Die wirtschaftliche Abwärtsbewegung spiegelt sich manchmal ganz unvermutet wider. Mir jedenfalls fällt auf, dass Geldstrafen immer billiger werden. Gerade bei Alltagsdelikten, in denen Staatsanwälte schon aus Zeitgründen kaum zum Einkommen ermitteln, geht es mit der routinemäßig angesetzten Höhe der Tagessätze stetig bergab.
Zur Erläuterung: Ein Tagessatz entspricht dem täglichen Nettoeinkommen; 30 Tagessätze sind also ein Monatsgehalt. Wer zu 40 Tagessätzen Geldstrafe verurteilt wird, dessen Strafe beläuft sich bei 600,00 € Einkommen auf 800,00 €. Wer dagegen 4.500,00 € nach Hause bringt, den kostet das gleiche Delikt 6.000,00 €.
Üblich sind mittlerweile Tagessätze zwischen 15,00 und 20,00 €, bei Berufstätigen vielleicht mal vorsichtige 30,00 €. Das Einkommen wird, anders lässt es sich nicht sagen, immer häufiger sehr zurückhaltend geschätzt. Natürlich würde ein gewissenhafter Staatsanwalt das nie tun, um dem Beschuldigten die Lust am Einspruch zu nehmen. Vielmehr kann ich mir die Entwicklung nur so erklären, dass man sehr zuvorkommend Rücksicht auf die allgemeine Ebbe in den Haushaltskassen nimmt.
Das führt mitunter zu merkwürdigen Situationen. So hat eine Mandantin neulich 60 Tagessätze á 15,00 € wegen einer Verkehrsunfallflucht kassiert. Vielleicht liegt es an ihrem ausländisch klingenden Namen oder ihrer schwarzen Hautfarbe, dass die Staatsanwältin insgesamt 900,00 € für ausreichend hielt. Zum Glück ist ihr nicht aufgefallen, dass die Mandantin den Bums mit einem nagelneuen Maserati (selbst verdient) gebaut hat.
Jedenfalls macht es bei ihrem Einkommen keinen Sinn, gegen die Zahl der Tagessätze anzugehen. Selbst wenn wir, was durchaus möglich ist, am Ende mit 40 Tagessätzen nach Hause gehen, droht durch die fällige Erhöhung der Sätze ein finanzielles Debakel ohnegleichen.
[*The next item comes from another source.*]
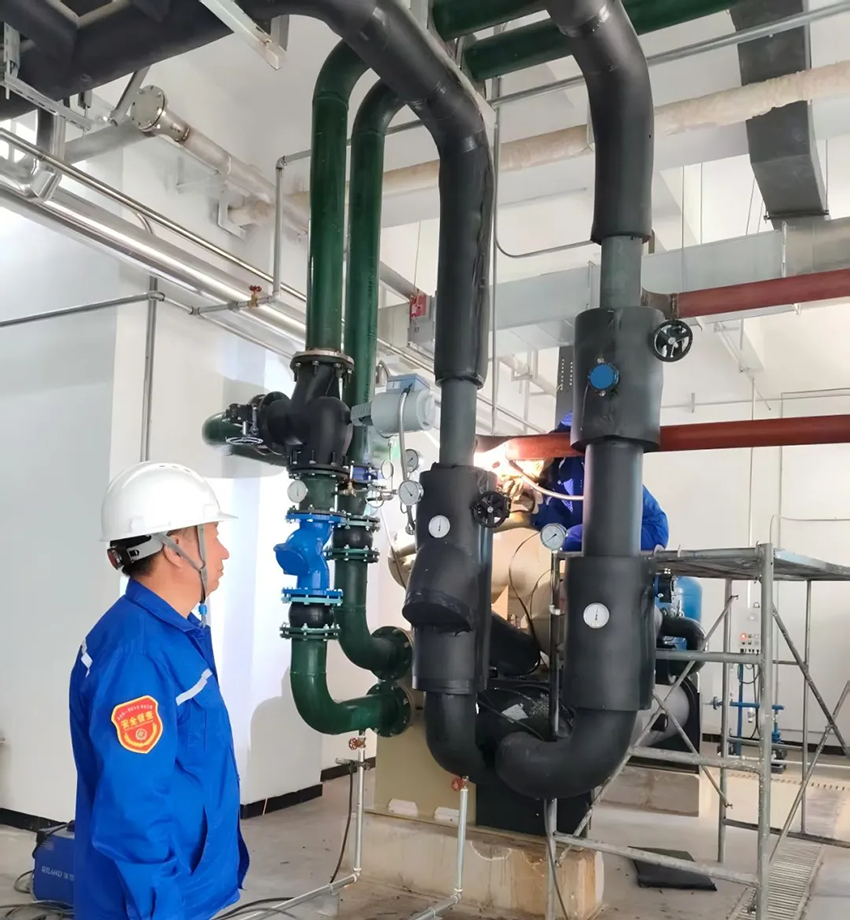 【普安新聞】檢修進行時——檢修一線的“守護者”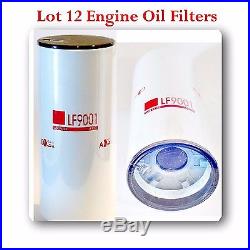 Lot 12 Engine Oil Filter LF9001 Fits Diesel Cummins Engine for many Vehicles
Hätte man für den Sportwagen noch irgend eine Erklärung finden können, scheiterte die Sache ohnehin an entschiedener Unlust der Mandantin. Als ich ihr erklärte, dass sie sich für den Gerichtstermin auf jeden Fall brutal runterstylen muss, war das Thema Einspruch erledigt.